R. STRAUSS: ELEKTRA, Evelyn Herlitzius, Various artists, Essa-Pekka Salonen/Bel-Air Classiques Blu-ray BAC410  in terms of opera on Blu-ray, we are in something of a golden age with a variety of choices available to listeners. Proof? Here is another splendid Blu-ray recording of Richard Strauss’s masterpiece Elektra to join the several impressive sets available. This was the last production ever staged by Patrice Chéreau, and this disc preserves one of the most striking opera events of recent years.

BEETHOVEN: Ah! Perfido, etc./CHERUBINI: Symphony, etc. Maria Bengtsson, Orchestre de Chambre de Lausanne, Bertrand de Billy/MDG 940 1854-6 SACD With the very able Maria Bengtsson accompanied by the Orchestre de Chambre de Lausanne conducted by Bertrand de Billy, these pieces are given the best possible advocacy; particularly welcome as these are the first performances in the surround sound medium.

WAGNER: THE SYMPHONIC RING, Nordwestdeutsche Philharmonie, Daniel Klajner/Coviello COV 91417 SACD while Wagnerian purists may sniff at the notion of orchestral versions of The Ring (or ‘bleeding chunks of Wagner’ as these excerpts used to be known), it’s clear that many listeners do not share this disapproval, as a variety of such discs continues to appear. This latest one is different from all of its predecessors in not attempting to condense Wagner’s 15-hour masterpiece onto a single disc, and we are given two well-filled SACDs with virtually every important orchestral passage included (the arrangements are by Andreas N Tarkmann) – and in performances of great authority. Some of the transcriptions of vocal lines (such as the ‘Wintersturme’ duet from Die Walkure, for instance) are less successful, but the disc is sheer delight for those not given to snobbishness.

RAVEL: DAPHNIS ET CHLOE, Beethoven Orchester Bonn, Stefan Blunier MDG 937 1863-6 SACD Ravel’s beguiling ballet has been particularly lucky in the surround sound medium, with excellent performances on disc from such conductors as Haitink and Gergiev. Here is another exemplary reading which finds much of the music’s poetry and drama in impressive sound.

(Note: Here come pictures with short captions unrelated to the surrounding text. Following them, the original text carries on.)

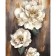 Diamond mosaic with full filling on the canvas "White Piones", 40 x 50 cm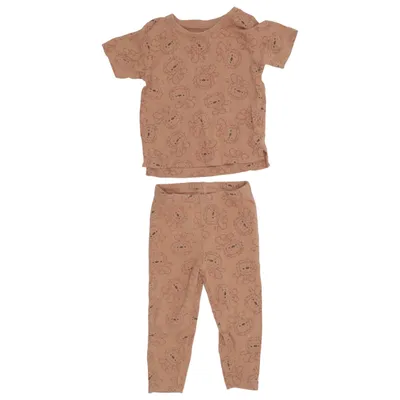 Pyjama (Marron) de ICA I Love Eco Élasthane, Coton biologique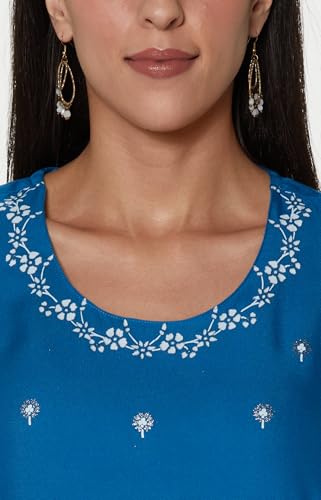 Image of BIBA Women Viscose A Line Printed Kurta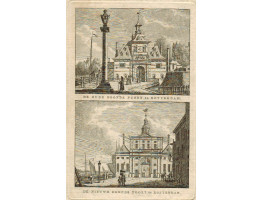 'De Oude Hoofds Poort Te Rotterdam' ''De Nieuwe Hoofds Poort Te Rotterdam' by K.F. Bendorp.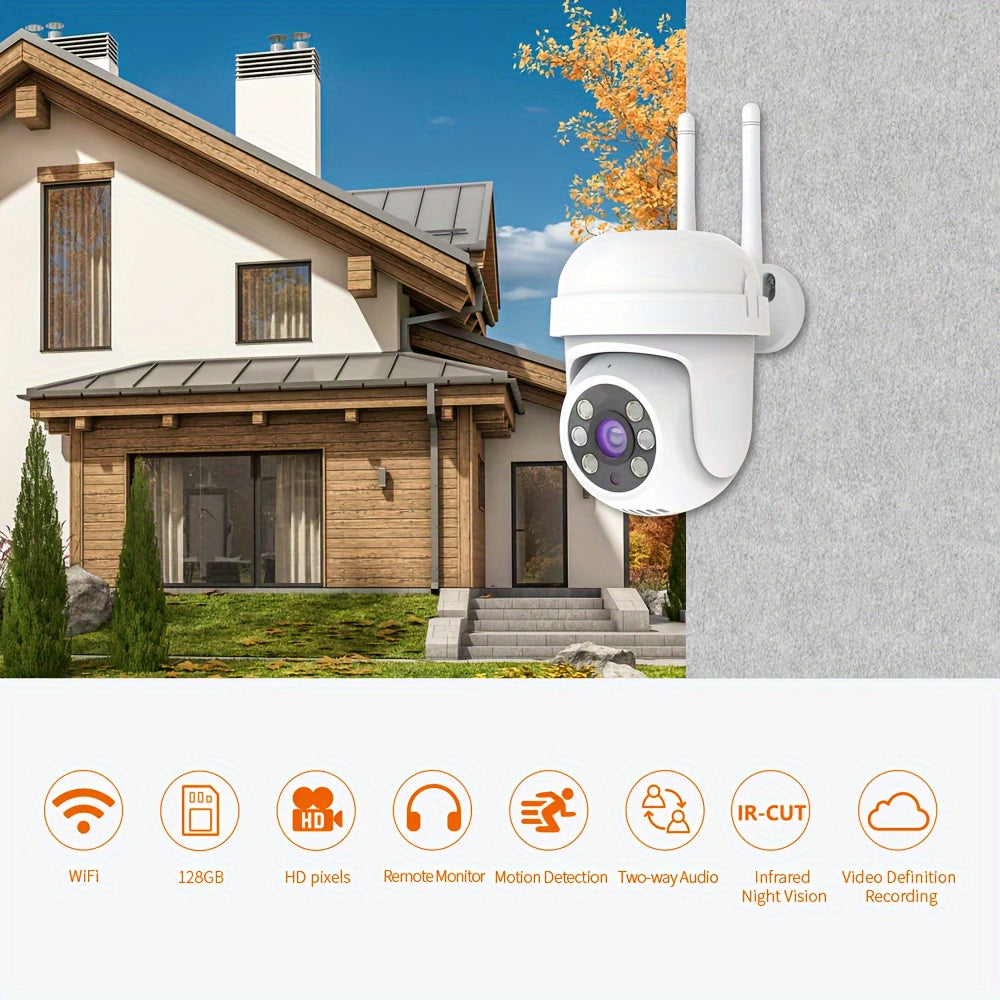 Wireless Security Camera 2.4G 1080P HD Waterproof Indoor Motion Detection Two-Way Audio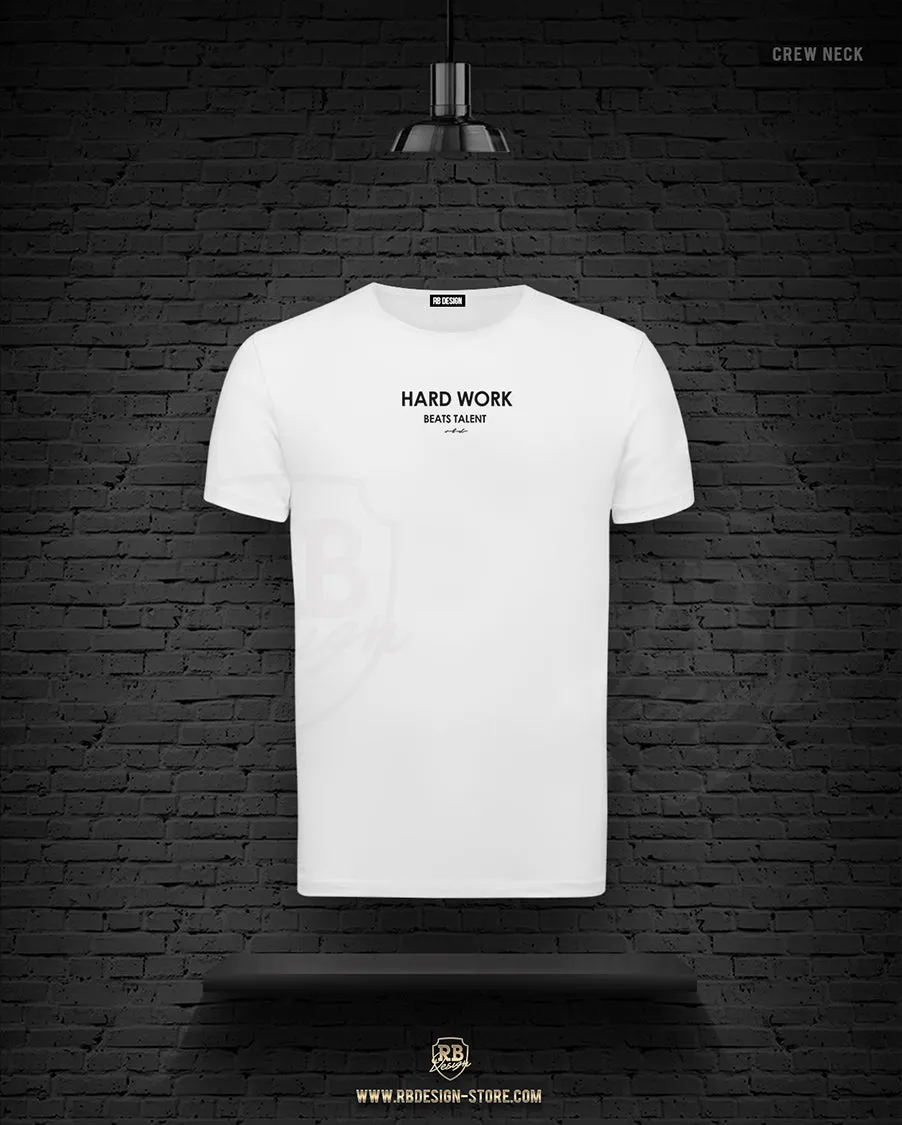 Mens T-shirt "HARD WORK BEATS TALENT" MD970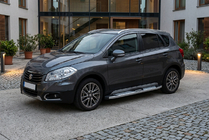 Suzuki SX4 S-Cross 2013-2016 Progi Boczne Mevsim Grey (2 szt., Aluminium) zdjęcia 1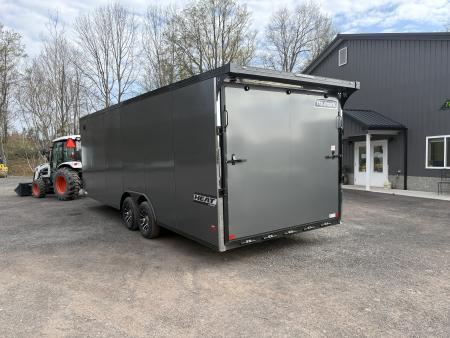 New 2026 HAULMARK 8.5x24 HEAT Car / Racing Trailer With Rear Spoiler and Blackout Package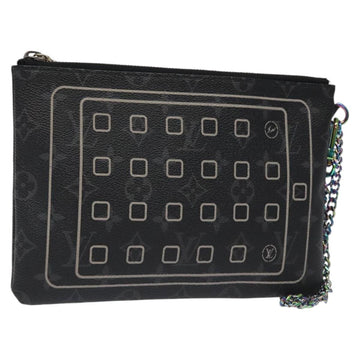 LOUIS VUITTON Monogram Eclipse Fragment iPhone Case M64449 LV Auth KD248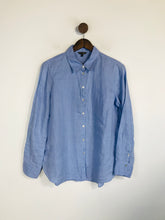 Load image into Gallery viewer, Massimo Dutti Women's Linen Button-Up Shirt | EU40 UK12 | Blue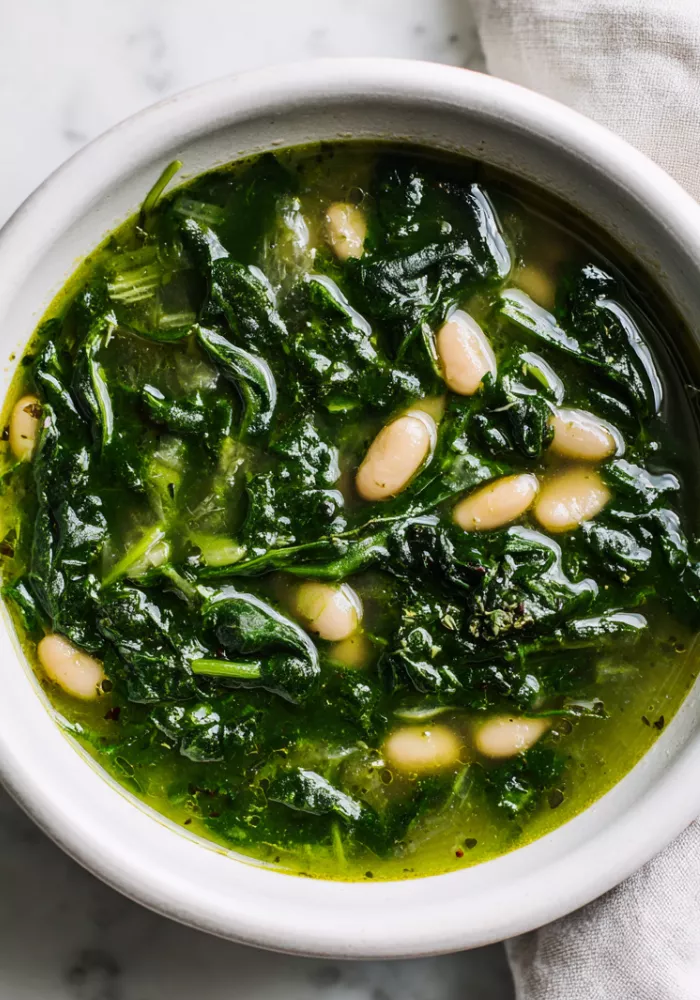 Spinach Bean Soup Recipe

BACH: THE ART OF FUGUE/THE WELL TEMPERED CLAVIER Angela Hewitt, piano; John Butt, harpsichord/Hyperion & Linn Those who have acquired the comprehensive multidisc set by Angela Hewitt of Bach’s keyboard music will need little persuasion to acquire this new edition of The Art of Fugue by the pianist, played with her customary sensitivity and precision. More Bach keyboard music is available in the Linn set of The Well-Tempered Clavier played by John Butt which utilises recent editions, allowing the listener to experience the latest possible stage of Bach’s thoughts for each book. Many listeners (such as this writer) will now prefer the music played on a modern concert piano, but John Butt makes the best case for this music on a harpsichord — if, that is, you don’t tire of the limited harpsichord timbre.

GRIEG: COMPLETE SYMPHONIC WORKS VOLUME 4, Herbert Schuch, piano, WDR Sinf., Eivind Aadkand/Audite 92.670 SACD With Volume 4, this commendable Audite series finally gets around to Grieg’s most popular work, his warhorse Piano Concerto, enterprisingly coupled with what is perhaps the composer’s least-known music, his withdrawn Symphony in C Minor. The latter is hardly essential listening, but Grieg aficionados will welcome this sensitive performance which makes a good case for it, and the concerto is given a reading of great spirit and colour.

TCHAIKOVSKY SERENADE FOR STRINGS IN C/BARTOK DIVERTIMENTO FOR STRING ORCHESTRA LSO String Ensemble, Roman Simovic/LSO Live LSO 0752 SACD A reminder – if reminder were needed– just how world-class the string section of the London Symphony Orchestra is, now finally the equal of the orchestra’s celebrated brass section, the latter long considered among the finest in the world. Both pieces here are given performances of great authority.

CLASSICAL CD CHOICE CD OF THE MONTH: BACH: BRANDENBURG CONCERTOS, Floreligium/Channel Classics CCSA 35914 SACD  Those looking for pointed, authentic-sounding performances of these imperishable masterpieces in multi-channel now have a variety of choices, but this lively set (in a new order) by Floreligium is particularly recommendable, and at a stroke joins the finest available.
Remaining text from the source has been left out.